START DATA FOR THE TASK
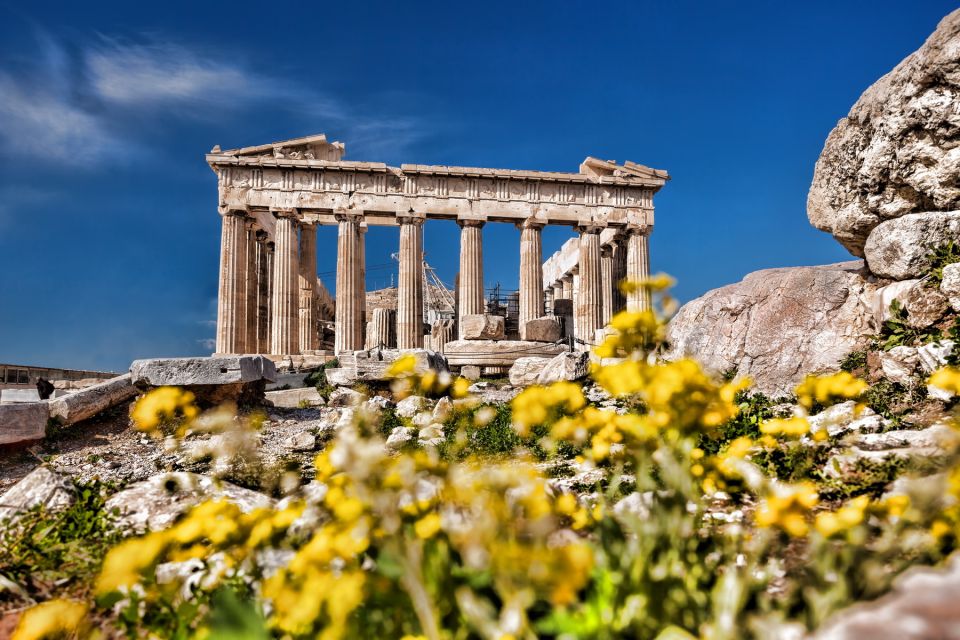 Athens: Mythology Tour for Families - Propylaea and Temple of Athena Nike: entering a myth-shaped city
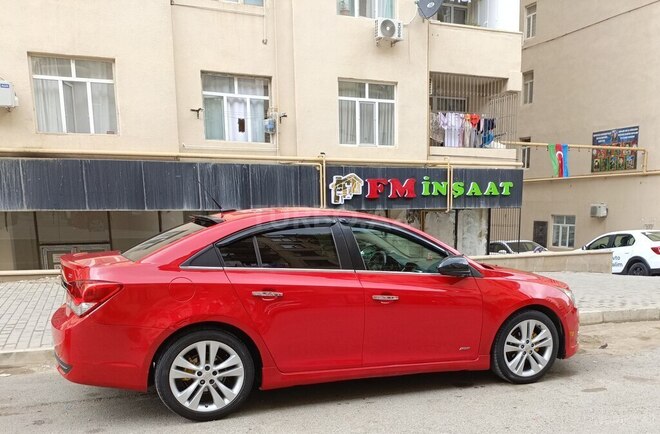 Chevrolet Cruze 2014, 180,000 km - 1.4 l - Bakı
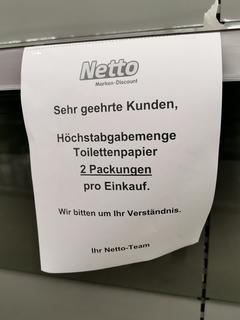 Schon Wieder Ein Corona Beitrag Und lich Grusst Das Klopapier Oberhausen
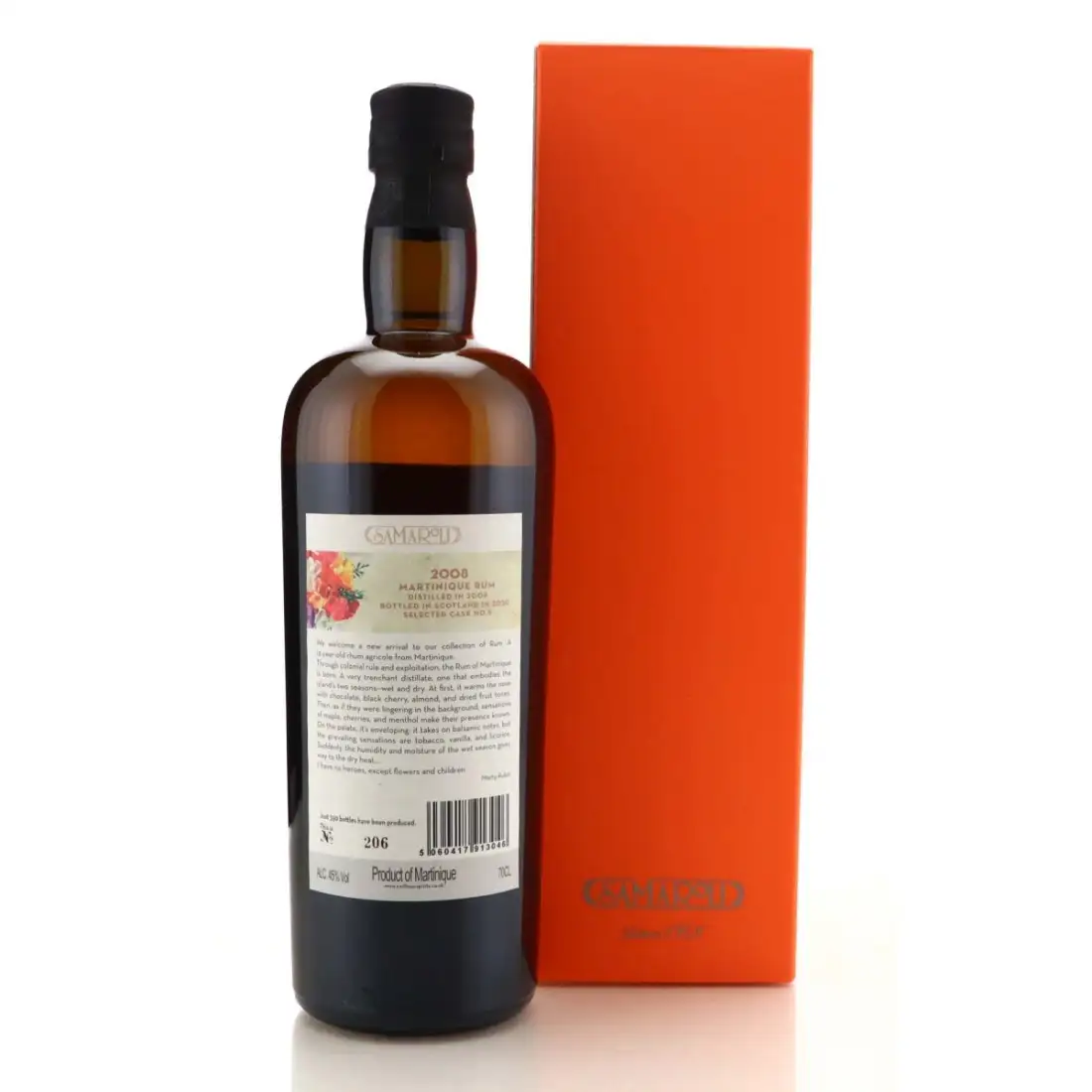 Hochauflösendes Bild von Samaroli Martinique 2008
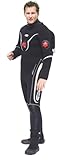 aquata Trockentauchanzug Damen und Herren Modell 7 Vormodell Neopren 6.5mm und...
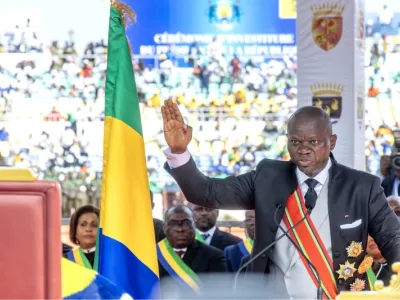 Brice Clotaire Oligui Nguema, Président de la République | DR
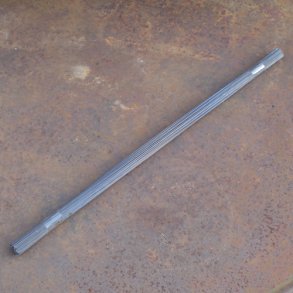 Blomstertrd, sort 0,9 mm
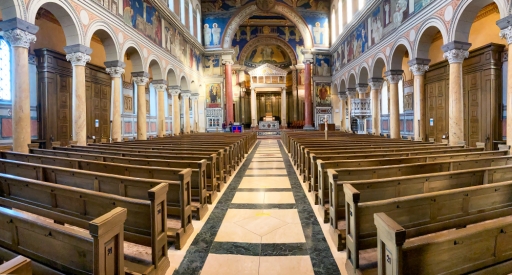 Zürich’s Liebfrauenkirche shares the faith with Iconyx loudspeakers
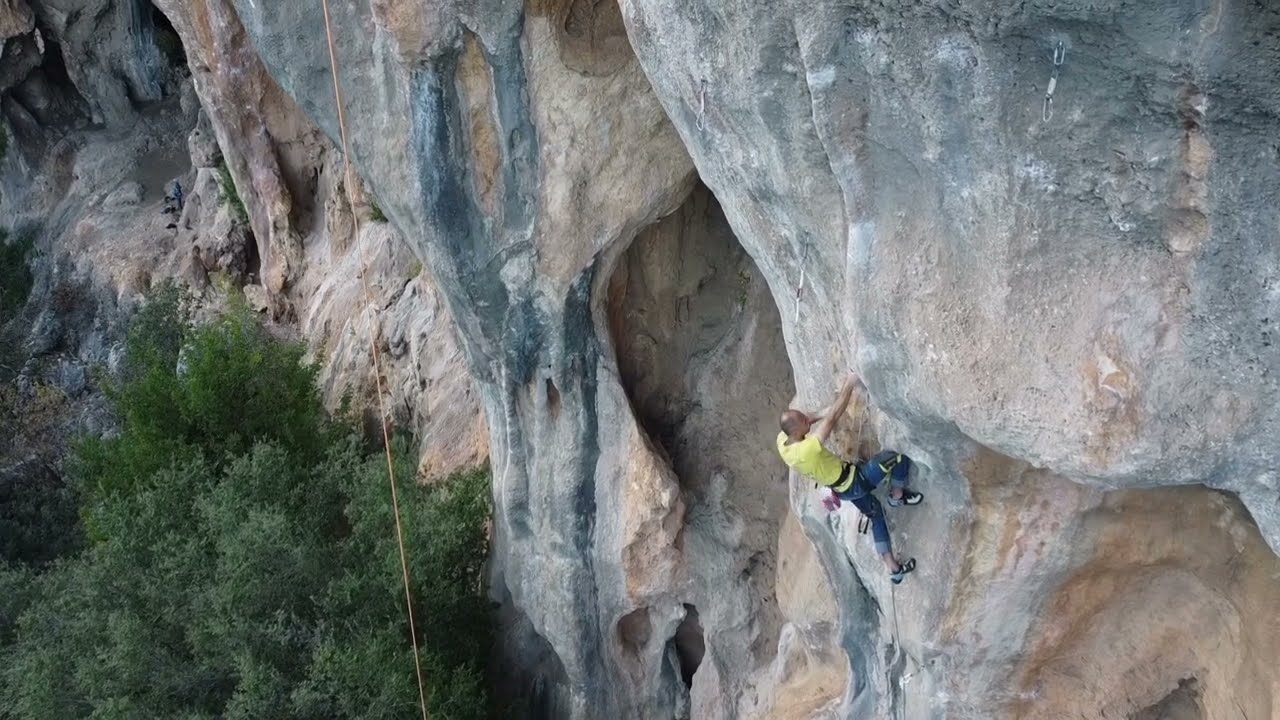 Obelix (8b+) in Geyikbayiri, Antalya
END DATA FOR THE TASK
■ TASK
Set out exactly, and only, the lines between the first line of the listing and the line containing "aquata Trockentauchanzug Damen", counting both, while leaving every picture out.

■ EXERCISE RESULT
 Athens: Mythology Tour for Families - Propylaea and Temple of Athena Nike: entering a myth-shaped city
 Chevrolet Cruze 2014, 180,000 km - 1.4 l - Bakı
 Schon Wieder Ein Corona Beitrag Und lich Grusst Das Klopapier Oberhausen
 Hochauflösendes Bild von Samaroli Martinique 2008
 aquata Trockentauchanzug Damen und Herren Modell 7 Vormodell Neopren 6.5mm und...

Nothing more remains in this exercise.